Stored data

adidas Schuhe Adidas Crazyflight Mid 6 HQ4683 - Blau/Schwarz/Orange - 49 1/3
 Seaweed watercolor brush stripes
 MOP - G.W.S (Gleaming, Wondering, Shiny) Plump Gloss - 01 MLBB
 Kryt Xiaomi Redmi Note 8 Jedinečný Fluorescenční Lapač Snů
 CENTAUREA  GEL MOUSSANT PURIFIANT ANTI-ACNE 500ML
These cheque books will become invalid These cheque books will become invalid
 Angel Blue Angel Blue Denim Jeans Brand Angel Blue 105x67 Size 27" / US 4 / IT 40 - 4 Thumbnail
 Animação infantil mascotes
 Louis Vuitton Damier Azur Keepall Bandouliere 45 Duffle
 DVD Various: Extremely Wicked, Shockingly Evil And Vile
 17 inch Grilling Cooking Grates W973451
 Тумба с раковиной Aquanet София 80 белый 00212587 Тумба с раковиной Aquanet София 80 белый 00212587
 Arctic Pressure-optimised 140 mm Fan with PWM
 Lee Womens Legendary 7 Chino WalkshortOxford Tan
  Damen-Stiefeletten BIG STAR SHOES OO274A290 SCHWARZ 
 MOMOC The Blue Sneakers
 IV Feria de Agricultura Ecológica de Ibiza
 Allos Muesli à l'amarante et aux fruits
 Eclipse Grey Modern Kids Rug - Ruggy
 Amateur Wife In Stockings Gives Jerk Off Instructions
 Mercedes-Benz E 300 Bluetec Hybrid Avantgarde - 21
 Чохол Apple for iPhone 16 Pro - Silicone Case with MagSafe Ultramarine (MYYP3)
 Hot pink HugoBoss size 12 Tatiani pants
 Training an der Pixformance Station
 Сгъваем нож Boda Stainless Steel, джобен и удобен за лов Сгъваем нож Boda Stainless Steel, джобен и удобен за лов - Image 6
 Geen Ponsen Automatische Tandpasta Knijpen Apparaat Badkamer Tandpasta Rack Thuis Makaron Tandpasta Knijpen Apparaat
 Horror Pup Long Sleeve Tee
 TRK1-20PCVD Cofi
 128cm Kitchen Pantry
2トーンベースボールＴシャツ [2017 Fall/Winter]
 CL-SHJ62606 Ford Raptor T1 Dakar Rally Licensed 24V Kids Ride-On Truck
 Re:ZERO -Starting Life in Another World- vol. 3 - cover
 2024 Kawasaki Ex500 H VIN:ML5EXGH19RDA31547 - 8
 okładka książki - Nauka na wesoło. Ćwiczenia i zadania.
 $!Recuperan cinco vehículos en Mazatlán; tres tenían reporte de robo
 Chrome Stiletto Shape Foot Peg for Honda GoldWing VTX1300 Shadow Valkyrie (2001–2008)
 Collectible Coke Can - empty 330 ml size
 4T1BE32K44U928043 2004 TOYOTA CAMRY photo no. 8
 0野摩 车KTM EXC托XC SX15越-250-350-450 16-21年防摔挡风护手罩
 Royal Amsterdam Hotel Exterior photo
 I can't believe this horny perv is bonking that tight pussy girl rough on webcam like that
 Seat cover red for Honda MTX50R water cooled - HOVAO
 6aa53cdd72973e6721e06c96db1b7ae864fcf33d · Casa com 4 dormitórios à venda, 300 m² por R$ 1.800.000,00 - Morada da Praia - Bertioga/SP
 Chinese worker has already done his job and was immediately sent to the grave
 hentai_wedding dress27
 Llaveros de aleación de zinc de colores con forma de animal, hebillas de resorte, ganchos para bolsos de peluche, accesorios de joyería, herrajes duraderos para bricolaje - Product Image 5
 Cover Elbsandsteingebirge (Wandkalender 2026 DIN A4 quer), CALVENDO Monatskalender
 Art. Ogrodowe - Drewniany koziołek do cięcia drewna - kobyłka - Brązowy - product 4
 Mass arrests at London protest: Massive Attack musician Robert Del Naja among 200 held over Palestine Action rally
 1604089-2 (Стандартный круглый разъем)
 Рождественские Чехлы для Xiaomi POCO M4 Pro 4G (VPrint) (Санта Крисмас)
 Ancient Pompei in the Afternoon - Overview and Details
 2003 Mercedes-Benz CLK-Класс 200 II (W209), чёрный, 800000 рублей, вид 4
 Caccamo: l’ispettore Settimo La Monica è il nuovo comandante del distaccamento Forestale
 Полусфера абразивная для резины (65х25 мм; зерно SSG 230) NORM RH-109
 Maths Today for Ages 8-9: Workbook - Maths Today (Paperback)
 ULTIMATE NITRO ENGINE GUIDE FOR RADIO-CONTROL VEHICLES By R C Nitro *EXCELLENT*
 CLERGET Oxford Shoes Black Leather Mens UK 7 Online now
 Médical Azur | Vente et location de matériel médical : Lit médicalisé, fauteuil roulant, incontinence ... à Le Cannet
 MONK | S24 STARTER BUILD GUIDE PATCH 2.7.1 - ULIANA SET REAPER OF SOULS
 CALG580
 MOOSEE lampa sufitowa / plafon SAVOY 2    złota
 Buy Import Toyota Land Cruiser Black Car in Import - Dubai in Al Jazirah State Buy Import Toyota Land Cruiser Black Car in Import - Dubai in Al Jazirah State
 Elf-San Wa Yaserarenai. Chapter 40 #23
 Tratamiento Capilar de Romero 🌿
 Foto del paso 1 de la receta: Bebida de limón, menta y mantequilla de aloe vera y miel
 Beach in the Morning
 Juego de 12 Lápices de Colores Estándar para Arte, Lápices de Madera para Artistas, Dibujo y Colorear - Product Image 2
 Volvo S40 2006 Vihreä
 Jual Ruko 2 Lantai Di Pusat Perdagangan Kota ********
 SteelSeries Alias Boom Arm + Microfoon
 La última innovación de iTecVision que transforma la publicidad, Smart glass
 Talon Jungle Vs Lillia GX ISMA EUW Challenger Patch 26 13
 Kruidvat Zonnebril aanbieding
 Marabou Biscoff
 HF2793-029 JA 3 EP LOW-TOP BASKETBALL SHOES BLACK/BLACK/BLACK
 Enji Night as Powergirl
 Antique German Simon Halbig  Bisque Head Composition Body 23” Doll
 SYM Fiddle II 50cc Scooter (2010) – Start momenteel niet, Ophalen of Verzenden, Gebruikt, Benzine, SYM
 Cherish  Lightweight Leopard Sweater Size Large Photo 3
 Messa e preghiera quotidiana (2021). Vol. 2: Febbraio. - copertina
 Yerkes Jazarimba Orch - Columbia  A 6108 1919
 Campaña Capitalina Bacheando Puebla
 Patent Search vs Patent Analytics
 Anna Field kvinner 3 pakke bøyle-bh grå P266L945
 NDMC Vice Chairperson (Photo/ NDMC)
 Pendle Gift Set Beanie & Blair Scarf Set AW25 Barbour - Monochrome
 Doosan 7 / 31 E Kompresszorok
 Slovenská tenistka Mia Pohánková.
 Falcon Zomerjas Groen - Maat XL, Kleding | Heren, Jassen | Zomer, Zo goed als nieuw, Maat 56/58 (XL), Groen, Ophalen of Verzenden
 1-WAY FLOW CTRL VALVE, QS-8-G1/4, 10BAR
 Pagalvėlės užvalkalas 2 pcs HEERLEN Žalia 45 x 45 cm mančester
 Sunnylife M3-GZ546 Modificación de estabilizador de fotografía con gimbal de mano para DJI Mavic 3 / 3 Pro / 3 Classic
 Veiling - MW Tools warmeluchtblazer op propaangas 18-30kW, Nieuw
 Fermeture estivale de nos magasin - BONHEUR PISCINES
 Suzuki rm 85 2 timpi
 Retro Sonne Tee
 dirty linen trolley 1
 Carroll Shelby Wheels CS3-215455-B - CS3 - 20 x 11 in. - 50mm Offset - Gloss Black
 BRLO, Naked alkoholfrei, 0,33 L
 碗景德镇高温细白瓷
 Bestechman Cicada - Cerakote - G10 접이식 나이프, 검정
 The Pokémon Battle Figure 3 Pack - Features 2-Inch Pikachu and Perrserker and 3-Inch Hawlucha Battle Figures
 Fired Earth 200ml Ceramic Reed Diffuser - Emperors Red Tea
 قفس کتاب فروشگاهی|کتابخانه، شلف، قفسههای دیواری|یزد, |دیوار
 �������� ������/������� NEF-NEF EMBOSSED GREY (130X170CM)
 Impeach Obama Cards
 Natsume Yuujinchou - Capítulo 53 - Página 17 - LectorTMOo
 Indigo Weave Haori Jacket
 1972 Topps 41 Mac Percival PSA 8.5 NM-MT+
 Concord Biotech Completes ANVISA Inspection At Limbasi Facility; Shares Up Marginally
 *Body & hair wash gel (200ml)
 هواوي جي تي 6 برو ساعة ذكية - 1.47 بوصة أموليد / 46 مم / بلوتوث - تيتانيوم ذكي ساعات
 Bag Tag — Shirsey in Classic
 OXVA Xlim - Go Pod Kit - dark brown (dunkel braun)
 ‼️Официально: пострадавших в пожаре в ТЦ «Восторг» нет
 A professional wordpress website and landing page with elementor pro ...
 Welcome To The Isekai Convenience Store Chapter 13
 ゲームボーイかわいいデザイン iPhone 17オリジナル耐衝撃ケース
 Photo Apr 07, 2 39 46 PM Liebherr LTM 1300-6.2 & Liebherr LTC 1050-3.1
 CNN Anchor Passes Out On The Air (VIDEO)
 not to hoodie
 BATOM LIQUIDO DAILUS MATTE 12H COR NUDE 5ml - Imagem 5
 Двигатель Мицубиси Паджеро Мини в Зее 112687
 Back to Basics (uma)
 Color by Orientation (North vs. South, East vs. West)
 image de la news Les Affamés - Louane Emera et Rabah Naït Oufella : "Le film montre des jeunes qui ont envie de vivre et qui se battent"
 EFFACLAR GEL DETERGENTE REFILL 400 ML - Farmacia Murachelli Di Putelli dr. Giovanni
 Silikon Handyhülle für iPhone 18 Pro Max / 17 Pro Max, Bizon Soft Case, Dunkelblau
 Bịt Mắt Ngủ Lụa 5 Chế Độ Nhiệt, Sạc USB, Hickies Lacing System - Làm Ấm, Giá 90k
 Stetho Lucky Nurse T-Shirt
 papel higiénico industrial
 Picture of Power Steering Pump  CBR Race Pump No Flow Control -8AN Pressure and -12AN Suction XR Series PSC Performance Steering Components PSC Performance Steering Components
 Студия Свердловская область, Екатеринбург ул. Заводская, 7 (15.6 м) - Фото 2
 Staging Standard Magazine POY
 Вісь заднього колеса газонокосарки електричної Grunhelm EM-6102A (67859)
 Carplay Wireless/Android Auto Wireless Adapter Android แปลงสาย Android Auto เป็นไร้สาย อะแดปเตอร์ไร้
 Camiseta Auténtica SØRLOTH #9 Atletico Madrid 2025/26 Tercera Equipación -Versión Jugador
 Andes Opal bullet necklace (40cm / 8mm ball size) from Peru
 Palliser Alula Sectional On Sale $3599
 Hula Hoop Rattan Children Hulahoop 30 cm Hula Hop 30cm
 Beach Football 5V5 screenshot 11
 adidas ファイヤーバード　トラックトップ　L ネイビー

■ WHAT IS REQUIRED
Transcribe the records from their first line. Stop after the line with "Чохол Apple for", including it.

■ ANSWER TO THIS EXERCISE
adidas Schuhe Adidas Crazyflight Mid 6 HQ4683 - Blau/Schwarz/Orange - 49 1/3
 Seaweed watercolor brush stripes
 MOP - G.W.S (Gleaming, Wondering, Shiny) Plump Gloss - 01 MLBB
 Kryt Xiaomi Redmi Note 8 Jedinečný Fluorescenční Lapač Snů
 CENTAUREA  GEL MOUSSANT PURIFIANT ANTI-ACNE 500ML
These cheque books will become invalid These cheque books will become invalid
 Angel Blue Angel Blue Denim Jeans Brand Angel Blue 105x67 Size 27" / US 4 / IT 40 - 4 Thumbnail
 Animação infantil mascotes
 Louis Vuitton Damier Azur Keepall Bandouliere 45 Duffle
 DVD Various: Extremely Wicked, Shockingly Evil And Vile
 17 inch Grilling Cooking Grates W973451
 Тумба с раковиной Aquanet София 80 белый 00212587 Тумба с раковиной Aquanet София 80 белый 00212587
 Arctic Pressure-optimised 140 mm Fan with PWM
 Lee Womens Legendary 7 Chino WalkshortOxford Tan
  Damen-Stiefeletten BIG STAR SHOES OO274A290 SCHWARZ 
 MOMOC The Blue Sneakers
 IV Feria de Agricultura Ecológica de Ibiza
 Allos Muesli à l'amarante et aux fruits
 Eclipse Grey Modern Kids Rug - Ruggy
 Amateur Wife In Stockings Gives Jerk Off Instructions
 Mercedes-Benz E 300 Bluetec Hybrid Avantgarde - 21
 Чохол Apple for iPhone 16 Pro - Silicone Case with MagSafe Ultramarine (MYYP3)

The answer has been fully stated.